Amazzonia, Bolsonaro accusa: “Denunceremo i Paesi che deforestano”

Il presidente brasiliano punta il dito su chi alimenta il mercato del legname con gli alberi amazzonici. Ma il ricordo del caso incendi del 2019 è ancora vivo

Nell’estate 2019 non si parlava ancora di coronavirus. Non che mancassero i dossier caldi naturalmente. Alcuni dei quali particolarmente roventi e non solo per la delicatezza dei loro contenuti. Australia e Amazzonia, migliaia di chilometri di distanza ma un comune denominatore fatto di fiamme, cenere e devastazione. Gli arbusti dell’isola oceaniana così come la foresta pluviale del Sud America, alle prese con ettari interi di vegetazione andata in fumo, con effetti collaterali sulla popolazione (anche indigena) e sulla fauna. E le colonne di cenere sollevate dalla combustione degli alberi amazzonici ha fatto rumore. Con accuse partite praticamente da ogni parte del globo direttamente alla volta di Planalto, nel cuore di Brasilia, dove il presidente Bolsonaro si era già inserito da quasi un anno.

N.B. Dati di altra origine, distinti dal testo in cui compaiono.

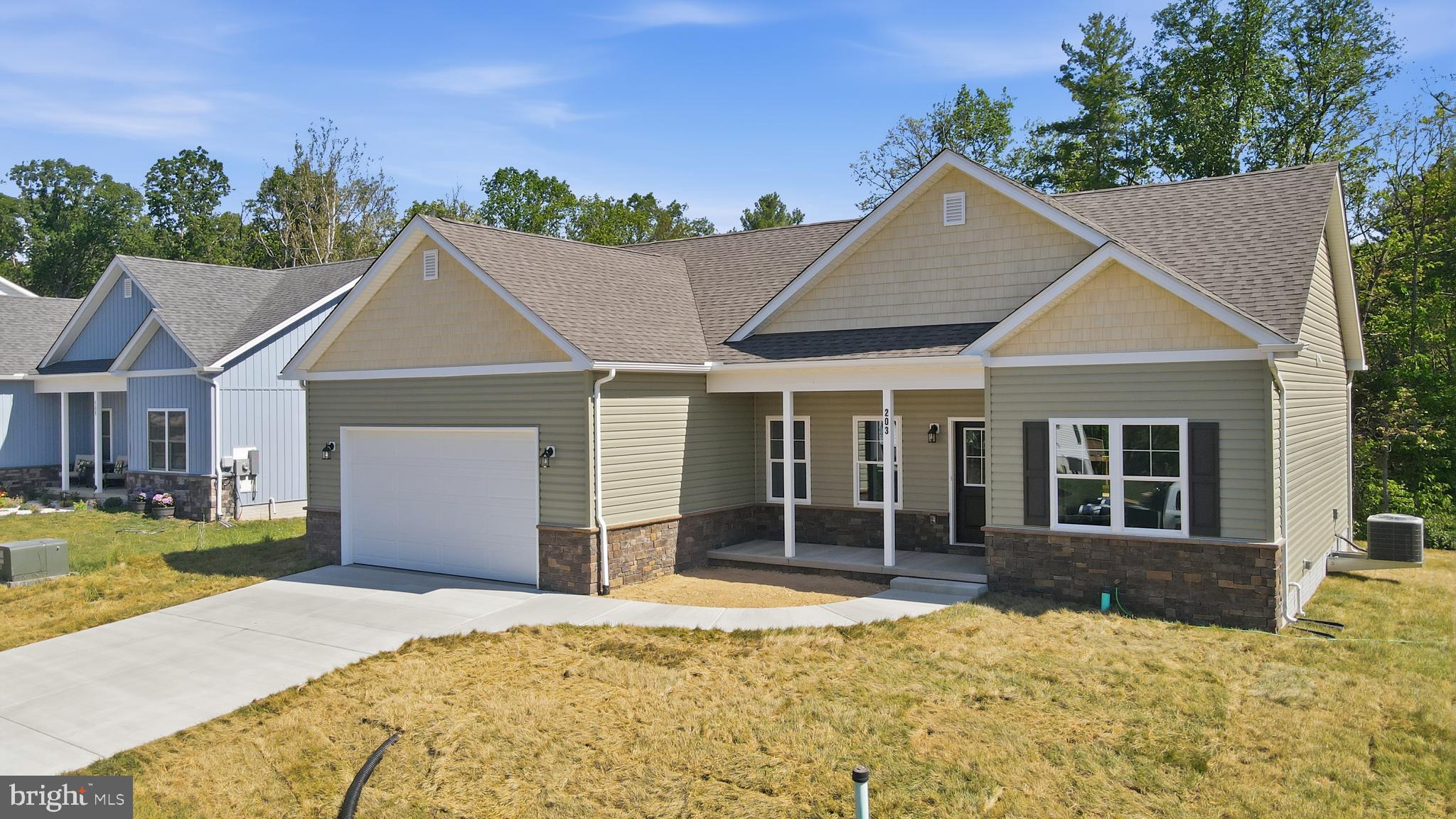 MIDDLE CREEK VISTAS - Residential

Sul leader del Brasile, l’indice puntato degli enti ambientalisti, con l’accusa (sempre respinta) di aver indirettamente favorito le politiche di disboscamento in nome dell’estensione dei terreni agricoli.

L’annuncio di Bolsonaro

Amazzonia che era finita al centro persino di un sinodo dedicato, con uno sguardo non solo sulla valenza della regione per la salute del pianeta ma anche sui popoli ancestrali che la abitano. Prime vittime, dirette e indirette, dell’evaporazione della loro foresta. Oggi è proprio il presidente Bolsonaro a puntare il dito, mettendo nel mirino “Paesi stranieri” accusati di fomentare il mercato del legname frutto della deforestazione amazzonica. “Nei prossimi giorni riveleremo i nomi dei Paesi che importano legname illegale dall’Amazzonia. Alcuni di loro sono i critici più severi del mio governo nei confronti della regione amazzonica: penso che dopo questa dimostrazione tale pratica diminuirà molto”. Annuncio fatto durante il vertice dei Brics (Brasile, Russia, India, Cina e Sud Africa) senza fare nomi. Per ora. “La nostra polizia federale ha messo a punto un metodo con gli isotopi che permette di identificare la posizione del legno sequestrato, e non solo di quello sequestrato, ma anche di quello esportato”.

Il caso Amazzonia

Eppure, secondo le organizzazioni per la tutela ambientale, il punto di non ritorno sulla questione si è avuto proprio con l’insediamento di Bolsonaro a Planalto. La cui politica avrebbe favorito indirettamente l’azione dei taglialegna, in virtù di un incoraggiamento allo sfruttamento delle risorse minerarie. Accusa che, pur senza supporto di prove, il presidente ha rispedito al mittente paventando l’ipotesi di un intento di diffamazione nei confronti del governo. Di sicuro, solo i numeri. Il bilancio drammatico degli ettari di foresta bruciati: 83 mila roghi in 8 mesi, i primi del 2019. Un dato che, nella corsa alle presidenziali del 2022 che Bolsonaro intende compiere, non potrà essere ignorato.